Your Genetics May Determine How Well GLP-1 Weight Loss Drugs Work

Nearly one in four people who try weight-loss drugs such as Wegovy and Zepbound lose little to no weight at all, seeing few health improvements despite sustained use. A landmark study published April 8 in Nature offers the most detailed genetic explanation yet for why that gap exists, tracing it to specific variants in the human genome.

Researchers at 23andMe Research Institute conducted a genome-wide association study involving 27,885 people who had taken a GLP-1 receptor agonist, either semaglutide, sold as Wegovy and Ozempic, or tirzepatide, sold as Zepbound and Mounjaro. The scale of the response gap is striking: some participants lost less than 5% of their body weight, while others shed more than 20%.

The central finding centers on a missense variant designated rs10305420, within the GLP1R gene, which encodes the receptor that these drugs activate to increase satiety levels. People who carry one copy of this variant lost roughly 1.7 pounds more on average than those without it, corresponding to approximately 0.76 kilograms of additional weight loss per allele. The study's participants lost an average of about 25 pounds total.

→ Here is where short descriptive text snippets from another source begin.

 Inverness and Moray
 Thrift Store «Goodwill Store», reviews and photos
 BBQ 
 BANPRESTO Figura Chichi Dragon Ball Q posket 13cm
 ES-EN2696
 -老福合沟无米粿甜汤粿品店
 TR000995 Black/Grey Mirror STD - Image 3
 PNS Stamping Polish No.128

"The result makes perfect biological sense," said Adam Auton, study co-author and vice president of human genetics at 23andMe Research Institute. "The genetic variant we found lands right in this gene for the GLP-1 receptor, which happens to be the target for these medications," he added.

The finding was validated in a separate dataset: the All of Us research cohort, using electronic health records from 4,855 individuals, confirmed the association with statistical significance (P = 0.001).

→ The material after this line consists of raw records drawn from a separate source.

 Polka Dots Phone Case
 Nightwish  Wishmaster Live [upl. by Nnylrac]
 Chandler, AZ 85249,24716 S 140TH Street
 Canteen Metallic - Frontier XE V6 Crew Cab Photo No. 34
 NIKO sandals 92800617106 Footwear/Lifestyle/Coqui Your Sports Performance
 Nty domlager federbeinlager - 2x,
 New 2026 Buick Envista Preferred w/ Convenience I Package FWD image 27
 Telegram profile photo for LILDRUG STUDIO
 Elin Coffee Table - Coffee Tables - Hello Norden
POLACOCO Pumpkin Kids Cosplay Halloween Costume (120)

The study also identified a second genetic variant, rs1800437, this time in the GIPR gene, linked to increased nausea and vomiting, but only in people taking tirzepatide, not those taking semaglutide. Tirzepatide, unlike semaglutide, targets both the GLP-1 and GIP receptors simultaneously, which explains why variation in the GIPR gene would carry drug-specific consequences.

Ruth Loos, an obesity geneticist at the University of Copenhagen who peer-reviewed the study and wrote an accompanying commentary in Nature, noted that even a small amount of weight loss, as little as 5%, confers health benefits such as lower cholesterol. Giles Yeo, an obesity geneticist at the University of Cambridge who was not involved in the research, reinforced the public health calculus: "Even though it's small to the individual, at the population level, a substantial number of people would have a positive effect," Yeo said.

The researchers incorporated the genetic findings into a broader predictive model alongside demographic and clinical factors, demonstrating the capacity to stratify patients by likely weight loss and risk for specific side effects. 23andMe released a report called "GLP-1 Medications Weight Loss and Nausea" to members of its Total Health service.

The identification of these genetic variants could underpin the development of precision medicine approaches in the treatment of obesity, pointing toward a future in which a patient's genome helps determine not just whether to prescribe a GLP-1 drug, but which one.